### [Collected data]
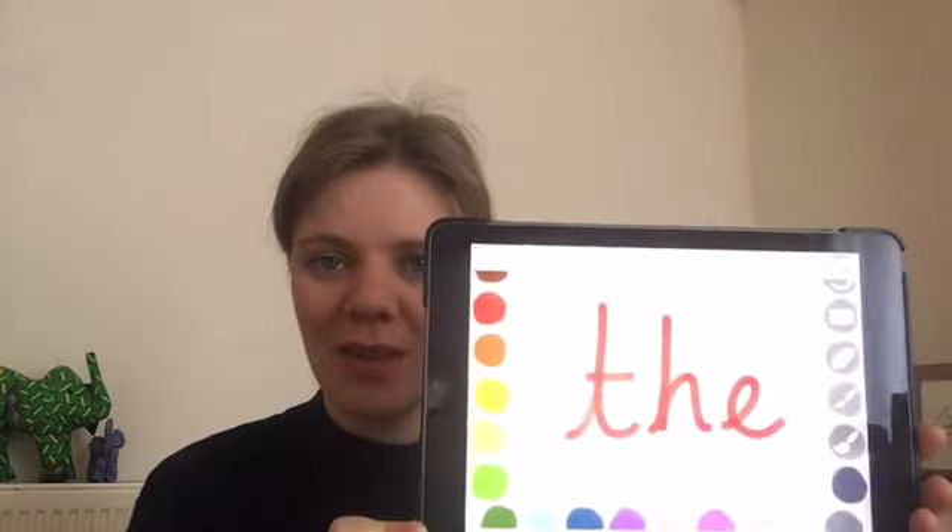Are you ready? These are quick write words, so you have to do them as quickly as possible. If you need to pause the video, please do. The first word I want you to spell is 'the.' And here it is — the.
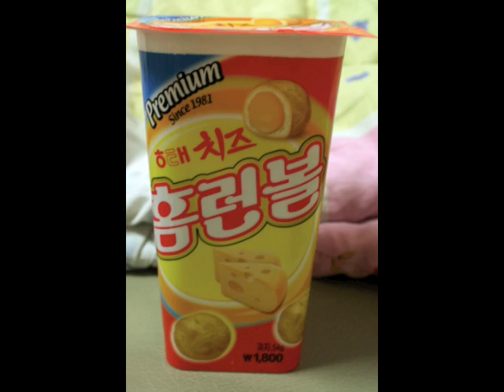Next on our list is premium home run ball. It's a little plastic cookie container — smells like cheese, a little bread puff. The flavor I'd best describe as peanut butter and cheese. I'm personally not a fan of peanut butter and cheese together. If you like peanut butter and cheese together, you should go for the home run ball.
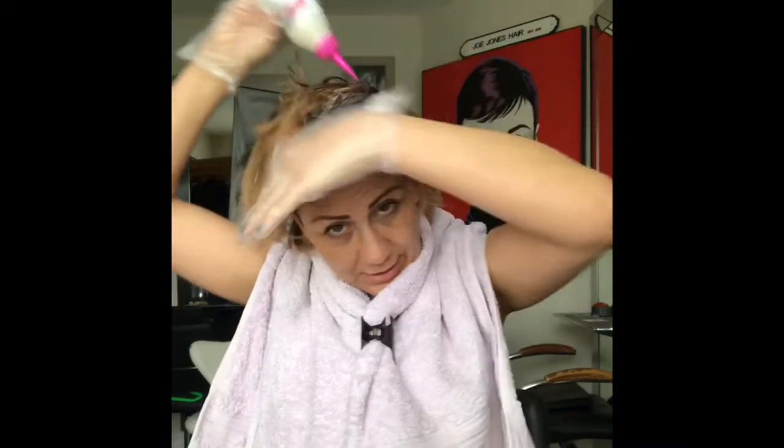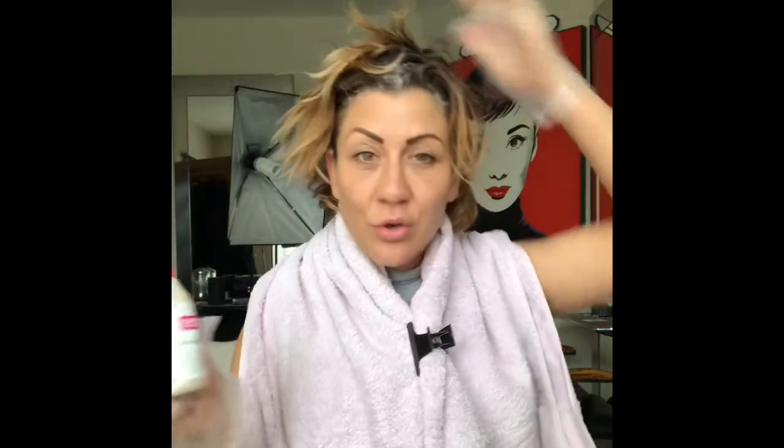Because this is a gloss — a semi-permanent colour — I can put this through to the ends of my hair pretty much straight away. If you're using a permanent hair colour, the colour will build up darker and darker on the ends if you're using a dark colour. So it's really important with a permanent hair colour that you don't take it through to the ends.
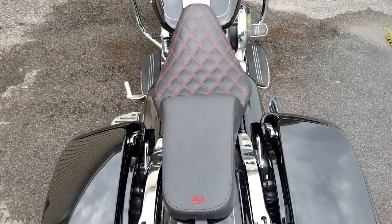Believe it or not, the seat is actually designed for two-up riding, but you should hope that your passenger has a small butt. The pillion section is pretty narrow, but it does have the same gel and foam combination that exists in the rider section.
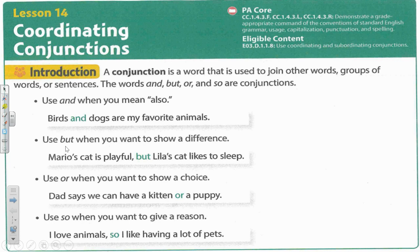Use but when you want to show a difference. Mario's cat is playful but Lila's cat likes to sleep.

### [What needs to be done]
Retype exactly the lines from the line containing "Because this is" through the end of the entries above, including both ends, and leave every picture out.

### [Task answer]
Because this is a gloss — a semi-permanent colour — I can put this through to the ends of my hair pretty much straight away. If you're using a permanent hair colour, the colour will build up darker and darker on the ends if you're using a dark colour. So it's really important with a permanent hair colour that you don't take it through to the ends.
Believe it or not, the seat is actually designed for two-up riding, but you should hope that your passenger has a small butt. The pillion section is pretty narrow, but it does have the same gel and foam combination that exists in the rider section.
Use but when you want to show a difference. Mario's cat is playful but Lila's cat likes to sleep.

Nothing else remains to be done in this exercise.